Firefox has a sort of first-party sets list of its own: the disconnect.me entity list. It doesn't seem to do anything useful though. T276739: Get Wikimedia added to disconnect.me entity list has more background.

Tgr renamed this task from Investigate the First-Party Sets browser API to Investigate the First-Party Sets / Related Website Sets browser API.Apr 16 2024, 3:08 PM
Tgr updated the task description. (Show Details)

As a reference: First-Party sets may be not that useful for some 3rd party wikifarms, so we need also find another solution for them.

The explainer says "If your RPs are SameParty, you may be better served by First-Party Sets." Which would be nice if there actually was a first-party sets standard, but it doesn't seem to be making much progress.

First-Party sets would also be useless to Miraheze as custom domains could take weeks to be added and need manual work. It looks like sets have to be reviewed and shipped in a chrome profile.

First-Party sets would also be useless to Miraheze as custom domains could take weeks to be added and need manual work. It looks like sets have to be reviewed and shipped in a chrome profile.
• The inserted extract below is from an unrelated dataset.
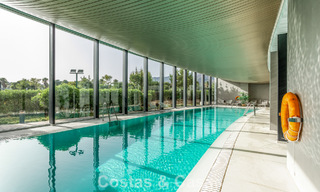 Modern 4-slaapkamer appartement te koop aan het strand met zeezicht in Estepona, Costa del Sol 782671 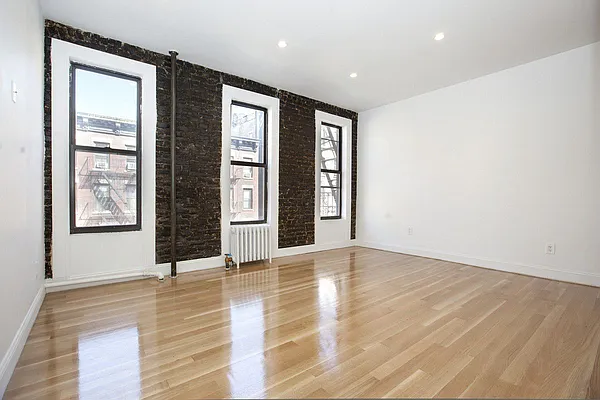 Rented by Weinstein Realty Group | media 34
They have their own update mechanism (so not dependent on Chrome updates) but yeah there is a manual review process which is slow. But you don't need to add all your domains to the set (it has a limit of five domains anyway), just the login domain.

As a reference: First-Party sets may be not that useful for some 3rd party wikifarms, so we need also find another solution for them.

In general, CentralAuth is a Wikimedia-specific extension and we don't support third-party use (we'll try not to break it unnecessarily, but we won't go out of our way to build alternative mechanisms for sites which differ in some relevant way from the Wikimedia cluster).
Related Website Sets is (at the moment, at least) Chrome-only though, so of course there needs to be some fallback mechanism.

I think the above counts as an investigation.

RWS seems almost useful, but the five-domain limitation and the way it's integrated with the Storage Access API makes it not actually useful. Those are relatively minor details so maybe worth checking from time to time for changes (e.g. if the upcoming HTTP headers support for the Storage Access API gets integrated). But for now, I don't think there's anything actionable left here.